[Pacemaker] Timeout value of STONITH resource is too large
Kazunori INOUE
inouekazu at intellilink.co.jp
Mon Jul 30 06:13:40 EDT 2012
Hi,
I am using Pacemaker-1.1.
- glue (2012 Jul 16) 2719:18489f275f75
- libqb (2012 Jul 19) 11b20e19beff7f1b6003be0b4c73da8ecf936442
- corosync (2012 Jul 12) 908ed7dcb390c0eade3dddb0cdfe181eb26b2ce2
- pacemaker (2012 Jul 29) 33119da31c235710195c783e5c9a32c6e95b3efc
The timeout value of the _start_ operation of STONITH resource is large.

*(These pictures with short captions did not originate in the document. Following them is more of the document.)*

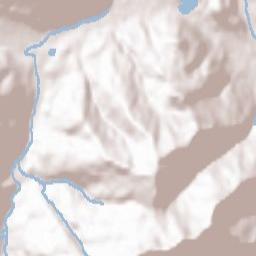 Kitzbühel Terrain Map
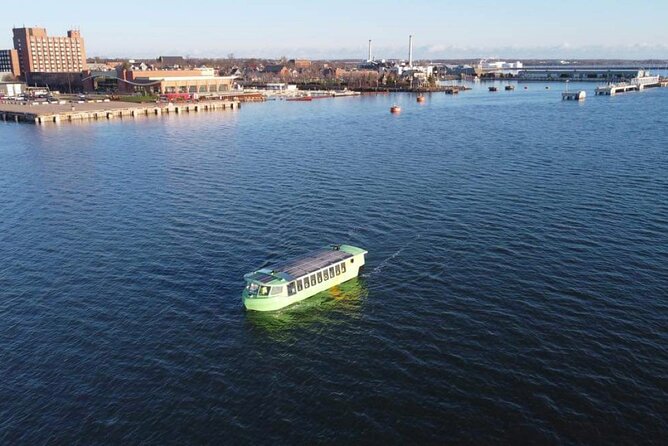 1.5hr Harbour Experience on North America's LARGEST solar boat! - Shoreline change and the $15 million lesson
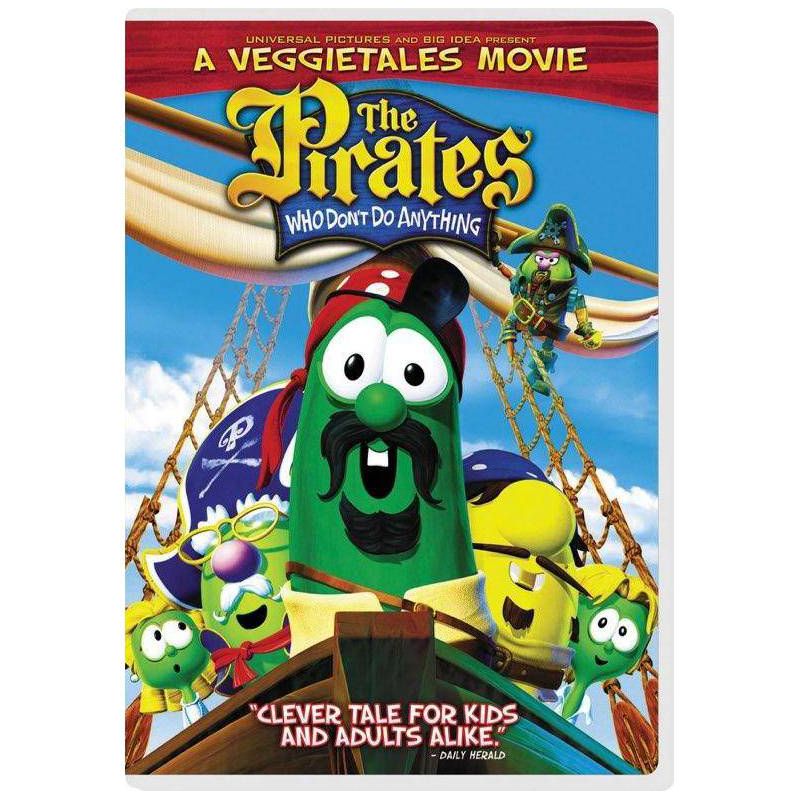 The Pirates Who Don&#39;t Do Anything: A Veggie Tales Movie (DVD), 1 of 2
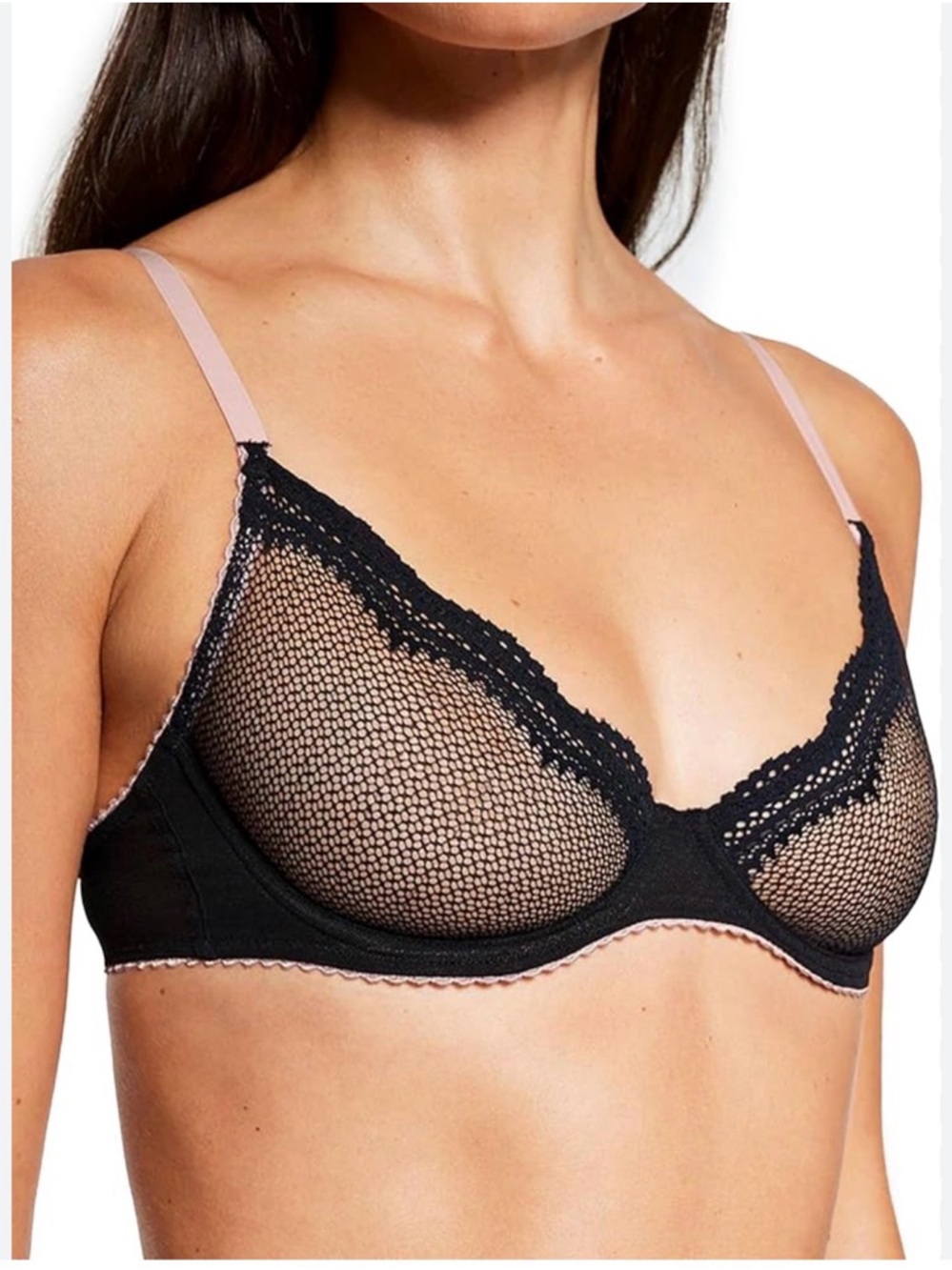 Pepper Signature Unlined Demi Bra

Therefore, even after the start operation is timed out, the process of
plugin remains.
The following is gdb at the time of STONITH resource starting.
----
[root at dev1 ~]# gdb /usr/libexec/pacemaker/stonithd `pgrep stonithd`
(gdb) b run_stonith_agent
Breakpoint 1 at 0x7f03f1e00d69: file st_client.c, line 479.
(gdb) c
Continuing.
Breakpoint 1, run_stonith_agent (agent=0xe0f820 "fence_legacy", action=0xe11fb0 "monitor",
<snip>
479 {
(gdb) bt
#0 run_stonith_agent (agent=0xe0f820 "fence_legacy", action=0xe11fb0 "monitor",
victim=0x0, device_args=Traceback (most recent call last):0xcffe30, port_map=
Traceback (most recent call last):0xcffe80, agent_result=0x7fff70214ef4,
output=0x0, track=0xe11d20) at st_client.c:479
#1 0x0000000000406230 in stonith_device_execute (device=0xe10ff0) at commands.c:140
#2 0x0000000000406404 in stonith_device_dispatch (user_data=0xe10ff0) at commands.c:160
#3 0x00007f03f224ad00 in crm_trigger_dispatch (source=0xe11160, callback=
0x4063dd <stonith_device_dispatch>, userdata=0xe11160) at mainloop.c:105
#4 0x0000003642638f0e in g_main_context_dispatch () from /lib64/libglib-2.0.so.0
#5 0x000000364263c938 in ?? () from /lib64/libglib-2.0.so.0
#6 0x000000364263cd55 in g_main_loop_run () from /lib64/libglib-2.0.so.0
#7 0x00000000004056dc in main (argc=1, argv=0x7fff70215278) at main.c:853
(gdb) n 15
Detaching after fork from child process 28915.
510 if (pid) {
(gdb) n 15
542 track->pid = pid;
(gdb) list
537 track->stdout = p_read_fd;
538 g_child_watch_add(pid, track->done, track);
539 crm_trace("Op: %s on %s, pid: %d, timeout: %ds", action, agent, pid, track->timeout);
540
541 if (track->timeout) {
542 track->pid = pid;
543 track->timer_sigterm = g_timeout_add(1000*track->timeout, st_child_term, track);
544 track->timer_sigkill = g_timeout_add(1000*(track->timeout+5), st_child_kill, track);
545
546 } else {
(gdb) n
543 track->timer_sigterm = g_timeout_add(1000*track->timeout, st_child_term, track);
(gdb) n
544 track->timer_sigkill = g_timeout_add(1000*(track->timeout+5), st_child_kill, track);
(gdb) p agent
$1 = 0xe0f820 "fence_legacy"
(gdb) p action
$2 = 0xe11fb0 "monitor"
(gdb) p args
$3 = 0xe11500 "plugin=external/libvirt\nhostlist=dev2\nhypervisor_uri=qemu+ssh://n8/system\noption=monitor\n"
* (gdb) p track->timeout
$4 = 61000
* (gdb) p 1000*track->timeout
$5 = 61000000
----
1. I added "sleep 3600" to status() of
/usr/lib64/stonith/plugins/external/libvirt.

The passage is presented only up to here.